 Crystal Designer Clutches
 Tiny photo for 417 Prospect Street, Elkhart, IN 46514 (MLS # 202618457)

□ □ □ □ □ □ □

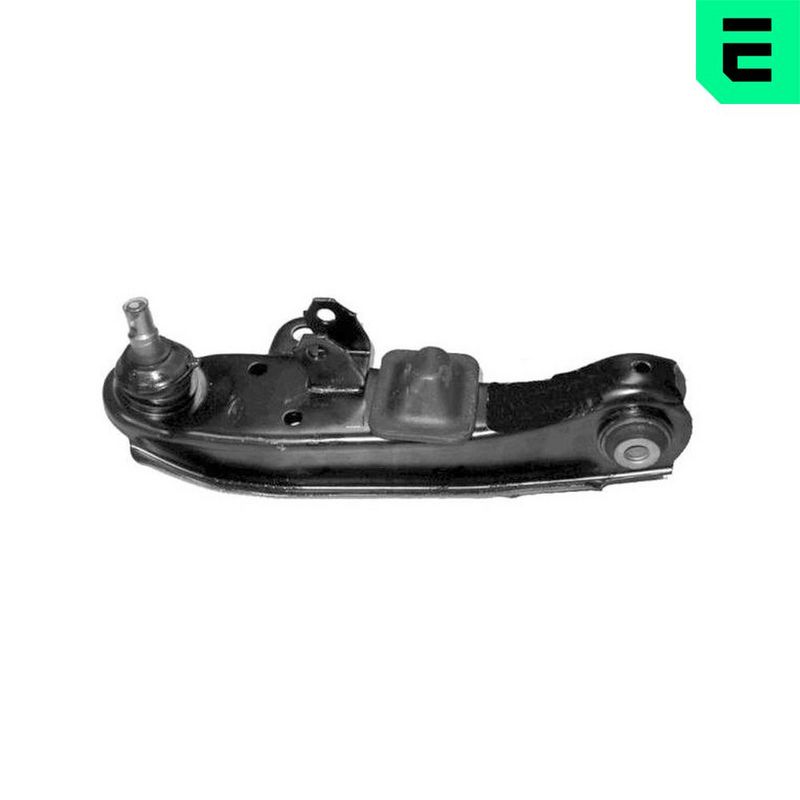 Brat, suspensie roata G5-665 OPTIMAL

□ □ □ □ □ □ □

TASK OBJECTIVE: Using the data above, print exactly the lines from the line that contains "Crystal Designer Clutches" through the line that contains "Tiny photo for", with both included.

ANSWER TO THIS PROBLEM:
 Crystal Designer Clutches
 Tiny photo for 417 Prospect Street, Elkhart, IN 46514 (MLS # 202618457)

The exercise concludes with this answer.